Alternatively, you can use CREATE TABLE AS SELECT with the USING iceberg clause to create an Iceberg table and insert data from a source table in one step:

%%sql
CREATE TABLE icebergdb.noaa_iceberg
USING iceberg
PARTITIONED BY (year)
AS SELECT * FROM sparkblogdb.noaa_pq

Query the Iceberg table

Now that the data is inserted in the Iceberg table, we can start analyzing it. Let’s run a Spark SQL to find the minimum recorded temperature by year for the 'SEATTLE TACOMA AIRPORT, WA US' location:

%%sql
select name, year, min(MIN) as minimum_temperature
from icebergdb.noaa_iceberg
where name = 'SEATTLE TACOMA AIRPORT, WA US'
group by 1,2

We get following output.

Image shows output of first select query

Update data in the Iceberg table

Let’s look at how to update data in our table. We want to update the station name 'SEATTLE TACOMA AIRPORT, WA US' to 'Sea-Tac'. Using Spark SQL, we can run an UPDATE statement against the Iceberg table:

%%sql
UPDATE icebergdb.noaa_iceberg
SET name = 'Sea-Tac'
WHERE name = 'SEATTLE TACOMA AIRPORT, WA US'

We can then run the previous SELECT query to find the minimum recorded temperature for the 'Sea-Tac' location:

%%sql
select name, year, min(MIN) as minimum_temperature
from icebergdb.noaa_iceberg
where name = 'Sea-Tac'
group by 1,2

We get the following output.

Image shows output of second select query

Compact data files

Open table formats like Iceberg work by creating delta changes in file storage, and tracking the versions of rows through manifest files. More data files leads to more metadata stored in manifest files, and small data files often cause an unnecessary amount of metadata, resulting in less efficient queries and higher Amazon S3 access costs. Running Iceberg’s rewrite_data_files procedure in Spark for Athena will compact data files, combining many small delta change files into a smaller set of read-optimized Parquet files. Compacting files speeds up the read operation when queried. To run compaction on our table, run the following Spark SQL:

%%sql
CALL spark_catalog.system.rewrite_data_files
(table => 'icebergdb.noaa_iceberg', strategy=>'sort', sort_order => 'zorder(name)')

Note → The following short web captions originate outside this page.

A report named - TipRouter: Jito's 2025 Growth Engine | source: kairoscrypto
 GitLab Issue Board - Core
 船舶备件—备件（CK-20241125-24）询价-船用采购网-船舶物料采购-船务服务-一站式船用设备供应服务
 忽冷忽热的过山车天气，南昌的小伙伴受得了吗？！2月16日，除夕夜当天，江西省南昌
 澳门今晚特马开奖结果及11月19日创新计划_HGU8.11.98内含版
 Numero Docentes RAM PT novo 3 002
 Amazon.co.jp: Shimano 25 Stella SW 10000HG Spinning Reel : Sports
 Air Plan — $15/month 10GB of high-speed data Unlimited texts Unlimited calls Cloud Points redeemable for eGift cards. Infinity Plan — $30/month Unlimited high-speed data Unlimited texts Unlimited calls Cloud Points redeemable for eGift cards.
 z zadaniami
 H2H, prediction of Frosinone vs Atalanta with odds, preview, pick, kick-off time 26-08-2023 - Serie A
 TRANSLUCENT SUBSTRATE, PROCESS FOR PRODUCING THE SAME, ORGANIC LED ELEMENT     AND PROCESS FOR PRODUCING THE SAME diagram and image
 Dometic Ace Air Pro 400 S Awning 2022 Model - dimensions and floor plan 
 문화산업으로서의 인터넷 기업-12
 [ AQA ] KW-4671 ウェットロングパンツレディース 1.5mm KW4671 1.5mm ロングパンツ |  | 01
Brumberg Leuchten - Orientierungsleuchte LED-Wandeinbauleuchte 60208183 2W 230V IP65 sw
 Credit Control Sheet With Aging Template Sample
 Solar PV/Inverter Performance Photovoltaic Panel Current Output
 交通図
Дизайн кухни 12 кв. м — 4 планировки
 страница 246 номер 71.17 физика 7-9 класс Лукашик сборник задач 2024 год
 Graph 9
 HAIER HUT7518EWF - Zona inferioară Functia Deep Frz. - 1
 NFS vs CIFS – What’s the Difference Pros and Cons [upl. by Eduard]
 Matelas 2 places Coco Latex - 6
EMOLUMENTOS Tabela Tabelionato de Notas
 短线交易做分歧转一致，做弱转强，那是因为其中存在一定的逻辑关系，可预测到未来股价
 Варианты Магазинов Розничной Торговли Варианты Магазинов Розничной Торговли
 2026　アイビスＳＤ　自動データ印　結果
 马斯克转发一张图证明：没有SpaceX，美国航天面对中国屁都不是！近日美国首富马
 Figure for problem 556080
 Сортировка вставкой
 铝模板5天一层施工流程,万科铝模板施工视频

rewrite_data_files offers options to specify your sort strategy, which can help reorganize and compact data.

List table snapshots

Each write, update, delete, upsert, and compaction operation on an Iceberg table creates a new snapshot of a table while keeping the old data and metadata around for snapshot isolation and time travel. To list the snapshots of an Iceberg table, run the following Spark SQL statement:

%%sql
SELECT *
FROM spark_catalog.icebergdb.noaa_iceberg.snapshots

Expire old snapshots

Regularly expiring snapshots is recommended to delete data files that are no longer needed, and to keep the size of table metadata small. It will never remove files that are still required by a non-expired snapshot. In Spark for Athena, run the following SQL to expire snapshots for the table icebergdb.noaa_iceberg that are older than a specific timestamp:

%%sql
CALL spark_catalog.system.expire_snapshots
('icebergdb.noaa_iceberg', TIMESTAMP '2023-11-30 00:00:00.000')

Note that the timestamp value is specified as a string in format yyyy-MM-dd HH:mm:ss.fff. The output will give a count of the number of data and metadata files deleted.

Drop the table and database

You can run the following Spark SQL to clean up the Iceberg tables and associated data in Amazon S3 from this exercise:

%%sql
DROP TABLE icebergdb.noaa_iceberg PURGE

Run the following Spark SQL to remove the database icebergdb:

%%sql
DROP DATABASE icebergdb

To learn more about all the operations you can perform on Iceberg tables using Spark for Athena, refer to Spark Queries and Spark Procedures in the Iceberg documentation.

Working with Apache Hudi tables

Next, we show how you can use SQL on Spark for Athena to create, analyze, and manage Apache Hudi tables.

Set up a notebook session

In order to use Apache Hudi in Athena, while creating or editing a session, select the Apache Hudi option by expanding the Apache Spark properties section.

This image shows the Apache Hudi properties set while creating Spak session in Athena.

For steps, see Editing session details or Creating your own notebook.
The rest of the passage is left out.